A medium-sized dbt project (~1,000 models) built on top of dbt-labs/jaffle-shop. Designed as a realistic mock data warehouse for testing dbt tools, PR review workflows, and data platform capabilities.
# Install dependencies
uv run --with dbt-duckdb dbt deps --profiles-dir .
# Load seed data and build everything
uv run --with dbt-duckdb dbt seed --profiles-dir . --target duckdb --vars 'load_source_data: true'
uv run --with dbt-duckdb dbt build --full-refresh --profiles-dir . --target duckdb --vars 'load_source_data: true'
# Generate and serve docs
uv run --with dbt-duckdb dbt docs generate --profiles-dir . --target duckdb
uv run --with dbt-duckdb dbt docs serve --profiles-dir .| Resource | Count |
|---|---|
| SQL models | 1,058 |
| Schema tests | ~800 |
| Seeds (CSV) | 58 |
| Macros | 22 |
| Snapshots | 2 |
| Analyses | 3 |
| Data tests | 3 |
| Exposures | 6 |
| Groups | 7 |
| Custom generic tests | 4 |
| Docs blocks | 11 |
| Source tables | 58 |
The project models a coffee chain with five business domains, each with staging, intermediate, and mart layers:
| Domain | Description | Sources |
|---|---|---|
| Core (ecom) | Orders, customers, products, stores, supplies | 6 tables |
| Finance | Invoices, refunds, payments, gift cards, budgets, expenses | 10 tables |
| Supply Chain | Suppliers, purchase orders, inventory, warehouses, waste | 10 tables |
| Marketing | Campaigns, coupons, loyalty program, email, social, referrals | 10 tables |
| HR & Operations | Employees, shifts, payroll, training, equipment, maintenance | 12 tables |
| Product & Menu | Recipes, ingredients, menu items, nutrition, pricing, reviews | 10 tables |
seeds/ (58 CSVs)
jaffle-data/ Original ecom data (935 customers, 62K orders)
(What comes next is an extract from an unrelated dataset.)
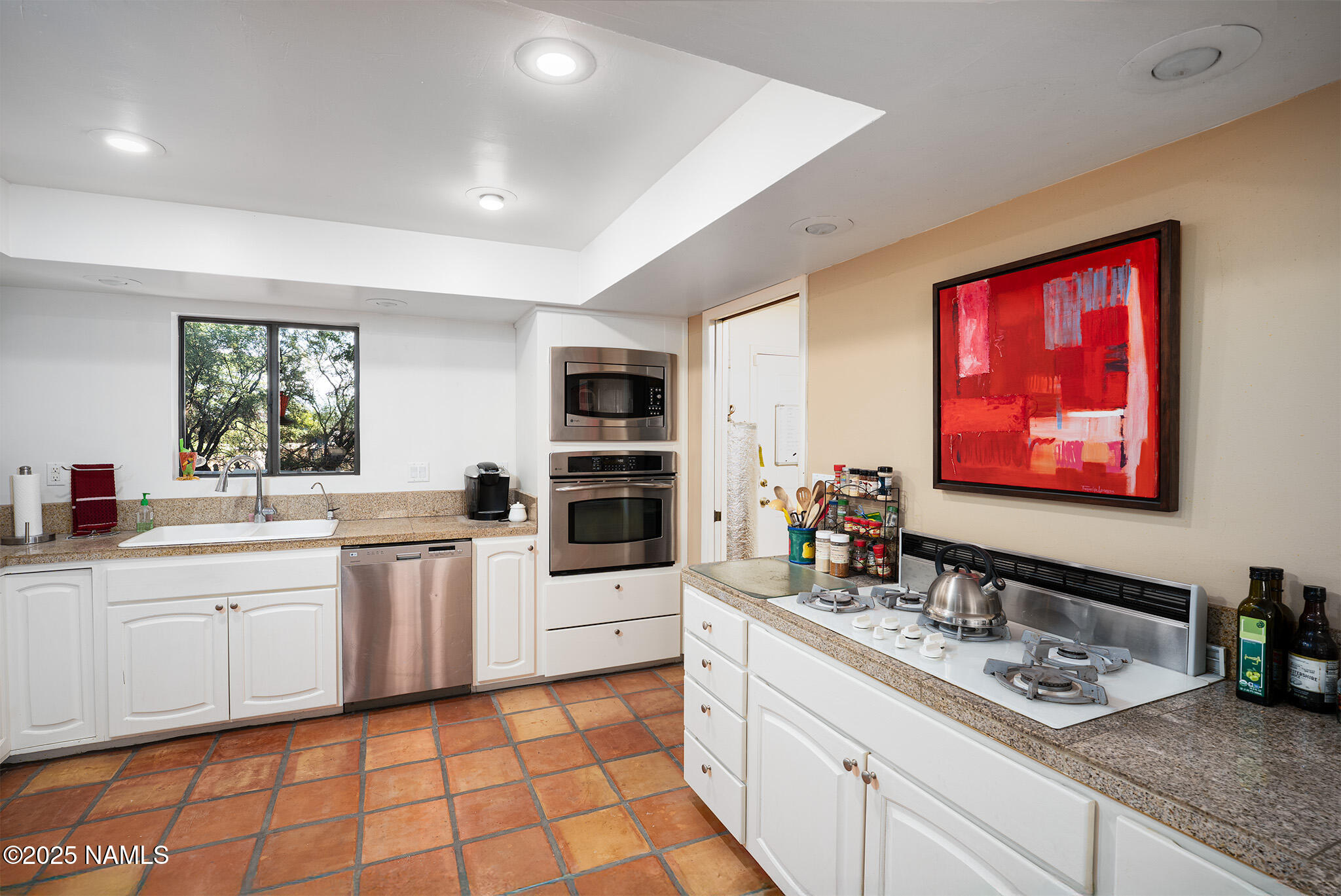 90 Vultee Road Sedona, AZ 86351 - Photo 4 of 25 a kitchen with stainless steel appliances a sink stove and cabinets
finance-data/ 10 seed files
supply-chain-data/ 10 seed files
marketing-data/ 10 seed files
hr-ops-data/ 12 seed files
product-data/ 10 seed files
models/
staging/ 88 models (6 domain subdirectories + derived)
intermediate/ 194 models (13 subdirectories)
marts/ 714 models (28 subdirectories)
utilities/ 4 models (date spine, fiscal periods, calendars)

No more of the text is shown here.